8-4-14

Illustratie Eliane Gerrits

Maandagavond. Target, een winkel die het meest in de buurt komt van de Hema. Het is druk. „Excuse me.” Een vrouw van rond de dertig wacht op mijn karretje. Met een priemende vinger wijst ze de plek aan waar ik het moet neerzetten.

Vervolgens drukt ze op een knop van een apparaat in een rode alarmkleur, dat – nu zie ik het pas – het desinfectiestation heet. Ze doordrenkt een tissue uit een ander apparaat met een vloeistof die sterk naar alcohol geurt. Driftig wrijft ze over het handvat, zichtbaar opgelucht dat ze mijn bacteriën niet hoeft te delen. Ik zie haar denken: „God weet waar dat gore mens met haar vieze vingers allemaal aan heeft gezeten.”

Daarna laat ze het doekje, dat ze tussen duim en wijsvinger aan het puntje vasthoudt, in een prullenbak vallen met een gezicht alsof ze een slok azijn drinkt. Dan pas raakt ze het handvat met haar blote handen aan en rijdt kordaat de winkel in.
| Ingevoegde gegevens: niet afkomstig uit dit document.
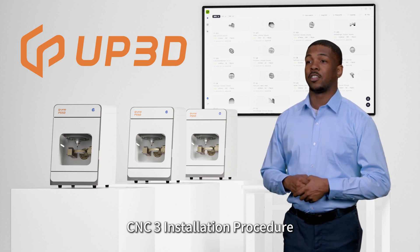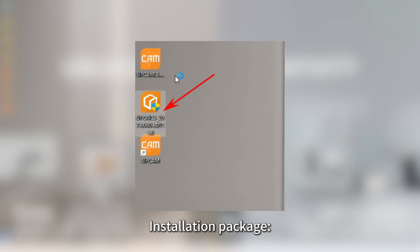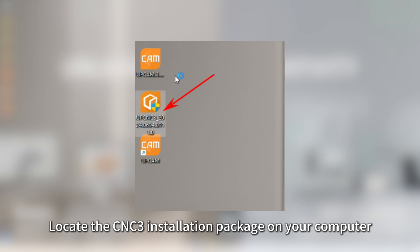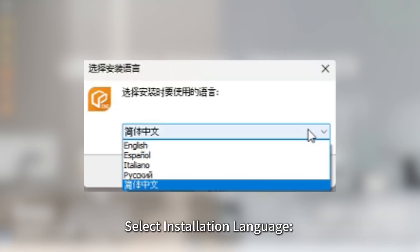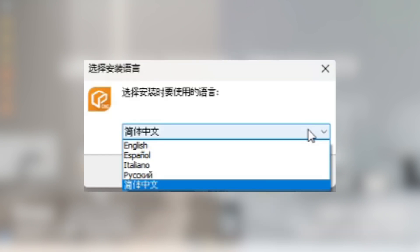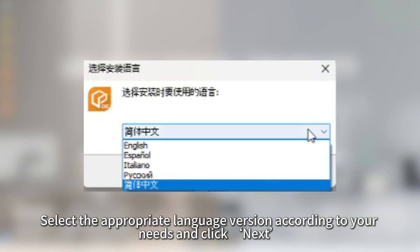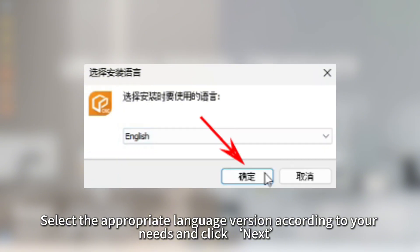CNC3 Installation Procedure: Locate the CNC3 installation package on your computer and double-click on the package to begin the installation. Select the appropriate language version according to your needs and click Next.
Ik voel me tot op het bot beledigd. Hallo, zo erg is het toch niet met mij. Maar het desinfectiestation denkt daar anders over. Volgens de info zit mijn huid vol ziektekiemen, snot, slijm en resten van wc-gebruik. En niet alleen van mezelf, maar ook van alle mensen die vóór mij het karretje geduwd hebben.

Nu voel ik me pas echt vies. Als ik mijn handen bestudeer, meen ik er lange colonnes bacteriën over te zien marcheren, zoals ik vroeger vitaminen in een glas sinaasappelsap zag dansen.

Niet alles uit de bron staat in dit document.